Mean Moose Archery is the way to go. All my bows wear them.


----------



## ronperreault (Mar 24, 2013)

I'll chime in and give a vote for Mean Moose as well. Great strings, they are on all my bows as well.
You can't go wrong, message Kristeen!


----------



## rdneckhillbilly (Jan 25, 2010)

Sad news indeed!:sad:
I have experience buying from Allen at World's Best and was very pleased. 
:canada:Keep it Canadian!


----------



## Crunch (Nov 28, 2002)

Too bad. Nugent was quite a helpful guy. 
Nigel, at Ballistic bowstrings is worth a call.


----------



## rossi9s (Sep 25, 2005)

Bebite said:


> Contact Allen at Worlds Best Strings. Excellent service and best strings Ive tried.


allen gets my vote, been using his strings for years!!
good luck either way
cheers


----------



## DssBB (Feb 21, 2010)

Very sad news that Kevin has closed up Nuge Strings. I have used his strings since beginning into archery and Kevin has always been great to deal with, very helpful and built some of the best strings. I wish him all the best and with some extra time on his hands now, look forward to seeing him back out shooting 3D once again.


----------



## turkster (Jul 12, 2006)

Worlds Best. Ya wont be disappointed.


----------



## shiftydog (Apr 18, 2013)

That's a bummer. Had not only great strings from Nuge, but really excellent service as well.


----------



## cc46 (Jan 22, 2005)

""""""It'd be easy to go with a USA string maker sponsor on here if another Turdo wasn't in power and our loonie worth anywhere near a greenback""""

***, you are blaming a global down turn in the price oil and therefore the value of the loonie on Trudeau? wake up don't be so stupid. Harper put way too many of our country's efforts into oil, and didn't diversify the investments in the economy. Not saying T is better than H, but lets see. We all get another chance to vote again in 3-4 years. 

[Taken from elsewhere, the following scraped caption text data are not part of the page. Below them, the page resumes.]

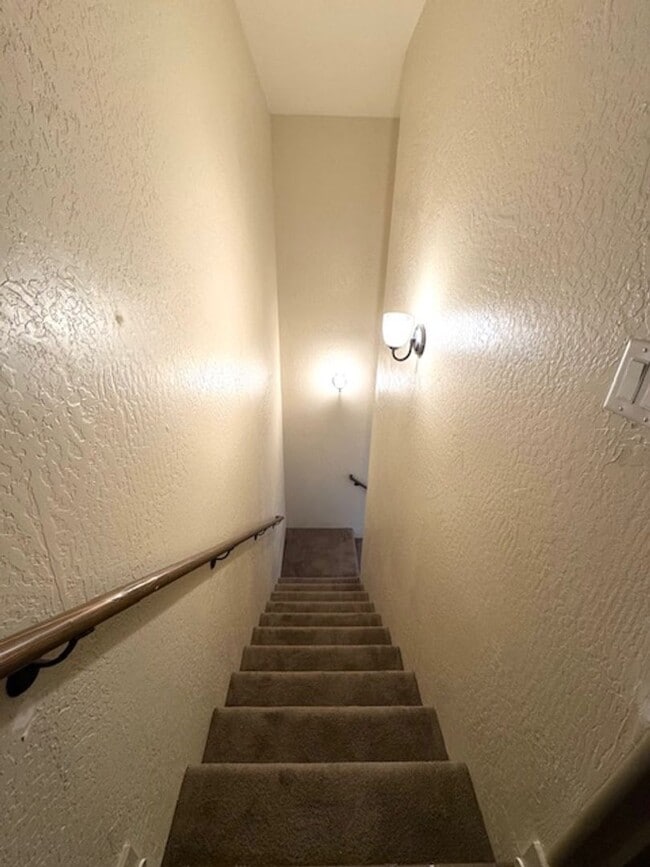 Building Photo - BM2613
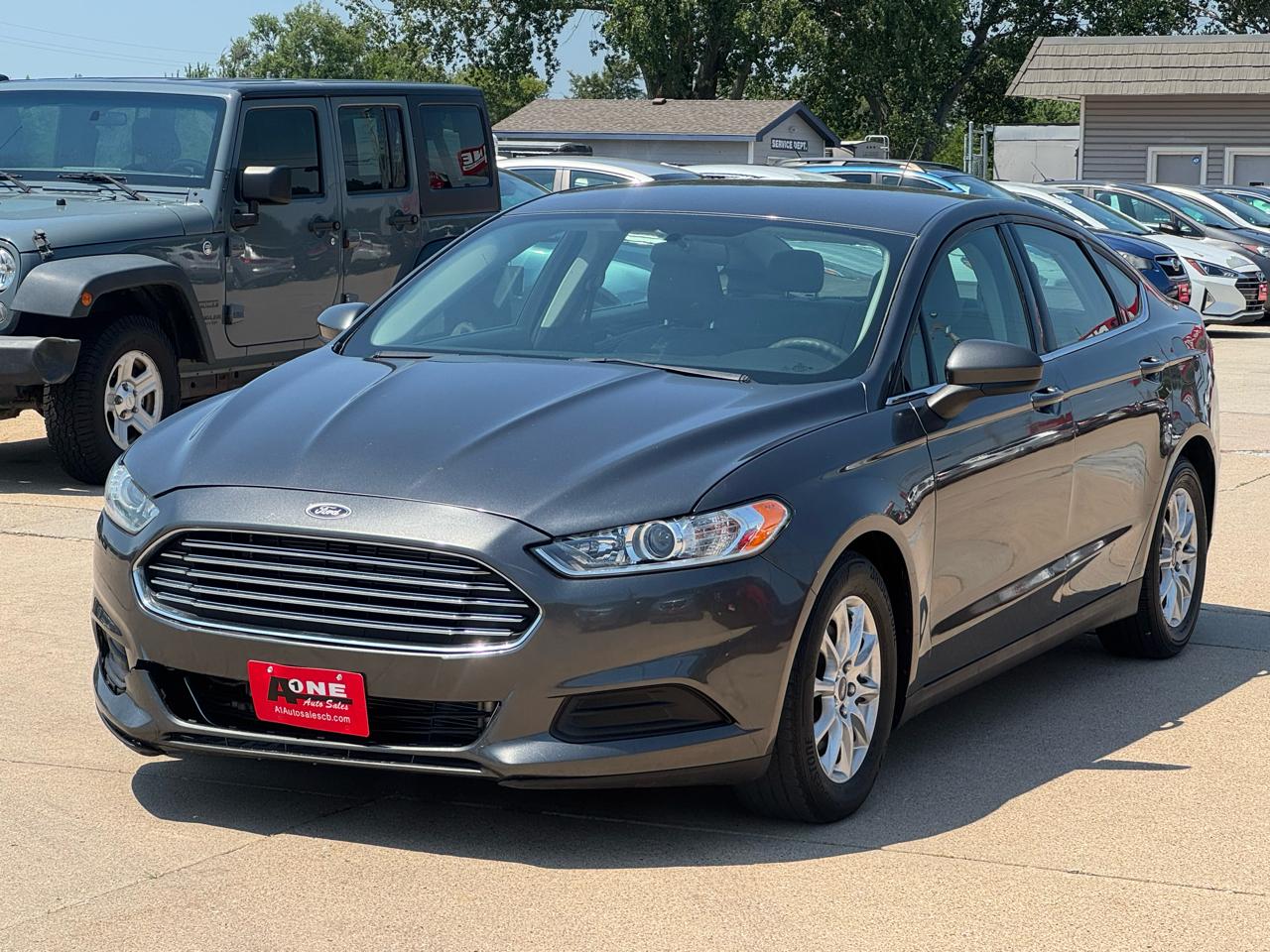 Ford Fusion 4dr Sdn S FWD 2016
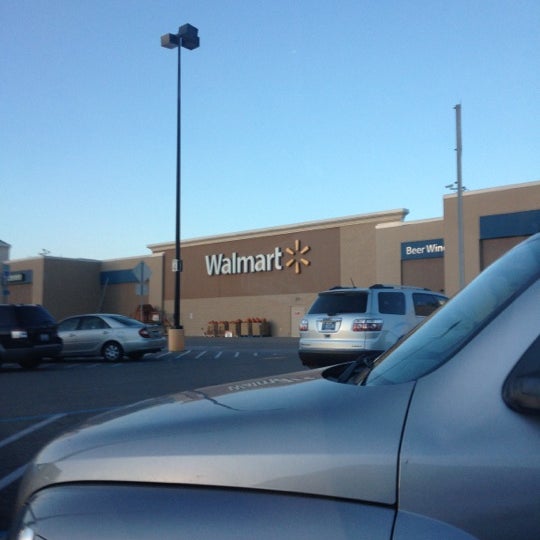 Walmart Supercenter Alexandria'da Hipermarket'da fotoğraflar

And does Canada have a string material maker? If not suck it up and pay global prices for the raw material. 

Canada, probably will never have a loonie as strong as USD in the future if it's based on oil.


----------



## 4 Fletch (Jan 25, 2014)

OK cc46 I see you're a Lieberal supporter. Which means when you call me stupid it's a case of kettle and pot. 

For the record I don't support any political party, because they are all liars and thieves. And I refuse to treat politics as a team sport. 

It is an interesting coincidence that whenever a Turdo is in power our loonie goes to 60 cents. It has nothing to do with the price of oil and if you're sufficiently economically ignorant to believe what the liars on MSM say then I cannot convince you otherwise. For others however... 

When the private banking cartel known as the Bank of Canada prints more money, then all of our money becomes worth less. That's the only reason our dollar value tanks. It is an unseen tax and a favorite of politicians, because we don't see it unless we live near the border or businesses must buy from outside the country. 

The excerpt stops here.